** RECORDS SHOWN follows **

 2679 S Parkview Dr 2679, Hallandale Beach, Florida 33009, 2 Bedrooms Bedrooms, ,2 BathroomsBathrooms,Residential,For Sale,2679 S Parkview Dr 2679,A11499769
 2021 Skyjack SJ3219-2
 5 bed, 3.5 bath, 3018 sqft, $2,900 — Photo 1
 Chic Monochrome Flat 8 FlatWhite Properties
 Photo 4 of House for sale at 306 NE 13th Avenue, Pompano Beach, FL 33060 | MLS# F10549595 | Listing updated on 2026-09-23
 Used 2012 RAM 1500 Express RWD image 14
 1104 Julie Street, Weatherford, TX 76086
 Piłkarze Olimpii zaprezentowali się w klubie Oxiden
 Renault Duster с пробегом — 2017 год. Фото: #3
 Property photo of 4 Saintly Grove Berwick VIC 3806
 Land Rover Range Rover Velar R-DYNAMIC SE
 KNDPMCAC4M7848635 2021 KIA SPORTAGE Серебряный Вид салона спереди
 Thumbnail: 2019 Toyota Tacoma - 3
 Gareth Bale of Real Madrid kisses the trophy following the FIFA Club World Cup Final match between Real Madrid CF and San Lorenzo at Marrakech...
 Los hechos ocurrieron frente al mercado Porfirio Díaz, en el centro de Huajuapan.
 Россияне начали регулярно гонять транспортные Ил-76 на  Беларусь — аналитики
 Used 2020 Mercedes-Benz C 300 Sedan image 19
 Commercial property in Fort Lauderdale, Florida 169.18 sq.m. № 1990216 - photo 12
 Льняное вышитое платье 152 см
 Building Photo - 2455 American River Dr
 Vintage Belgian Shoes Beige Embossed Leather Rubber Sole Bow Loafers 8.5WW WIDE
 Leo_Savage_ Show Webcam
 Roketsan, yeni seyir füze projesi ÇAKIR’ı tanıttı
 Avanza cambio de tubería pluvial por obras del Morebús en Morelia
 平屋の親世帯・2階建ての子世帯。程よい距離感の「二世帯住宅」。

** End of RECORDS SHOWN **

— TASK BRIEF —
Each line from the one containing "Commercial property in" through the last line of the entries is to be copied exactly, with no other lines added.

— SOLUTION FOR THIS PROBLEM —
 Commercial property in Fort Lauderdale, Florida 169.18 sq.m. № 1990216 - photo 12
 Льняное вышитое платье 152 см
 Building Photo - 2455 American River Dr
 Vintage Belgian Shoes Beige Embossed Leather Rubber Sole Bow Loafers 8.5WW WIDE
 Leo_Savage_ Show Webcam
 Roketsan, yeni seyir füze projesi ÇAKIR’ı tanıttı
 Avanza cambio de tubería pluvial por obras del Morebús en Morelia
 平屋の親世帯・2階建ての子世帯。程よい距離感の「二世帯住宅」。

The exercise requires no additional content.